Source data below:

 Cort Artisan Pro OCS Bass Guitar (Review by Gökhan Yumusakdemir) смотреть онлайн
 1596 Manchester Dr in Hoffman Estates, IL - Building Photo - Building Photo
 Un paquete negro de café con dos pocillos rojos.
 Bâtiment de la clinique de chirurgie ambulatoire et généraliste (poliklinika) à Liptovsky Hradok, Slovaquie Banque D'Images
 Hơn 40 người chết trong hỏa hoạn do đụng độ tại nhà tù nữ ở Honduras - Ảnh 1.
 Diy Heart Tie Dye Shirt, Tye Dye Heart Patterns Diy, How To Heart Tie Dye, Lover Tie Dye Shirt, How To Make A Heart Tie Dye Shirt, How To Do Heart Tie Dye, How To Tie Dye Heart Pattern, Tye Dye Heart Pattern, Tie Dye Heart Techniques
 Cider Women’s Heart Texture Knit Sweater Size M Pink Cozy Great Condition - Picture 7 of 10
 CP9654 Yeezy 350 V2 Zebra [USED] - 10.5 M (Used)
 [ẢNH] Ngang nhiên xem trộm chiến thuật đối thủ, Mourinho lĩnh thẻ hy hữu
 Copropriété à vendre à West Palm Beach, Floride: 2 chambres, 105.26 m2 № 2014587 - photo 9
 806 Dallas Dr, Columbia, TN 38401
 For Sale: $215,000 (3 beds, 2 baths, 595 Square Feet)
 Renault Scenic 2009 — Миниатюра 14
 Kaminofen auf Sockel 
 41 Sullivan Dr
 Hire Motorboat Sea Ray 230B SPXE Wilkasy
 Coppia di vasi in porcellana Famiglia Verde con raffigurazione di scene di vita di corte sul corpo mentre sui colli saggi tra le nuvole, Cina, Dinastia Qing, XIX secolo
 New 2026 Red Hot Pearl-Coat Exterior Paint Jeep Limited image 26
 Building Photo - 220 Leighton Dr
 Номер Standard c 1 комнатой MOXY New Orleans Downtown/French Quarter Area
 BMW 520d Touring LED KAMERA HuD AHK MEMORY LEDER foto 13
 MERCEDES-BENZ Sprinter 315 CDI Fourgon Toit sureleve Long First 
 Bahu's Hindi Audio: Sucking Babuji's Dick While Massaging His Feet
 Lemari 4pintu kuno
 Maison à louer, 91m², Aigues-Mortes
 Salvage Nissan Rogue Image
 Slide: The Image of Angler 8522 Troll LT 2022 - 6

End of Source data.

Requirement: Show, from the listing above, each line that contains the word "Feet".

Task output:
 For Sale: $215,000 (3 beds, 2 baths, 595 Square Feet)
 Bahu's Hindi Audio: Sucking Babuji's Dick While Massaging His Feet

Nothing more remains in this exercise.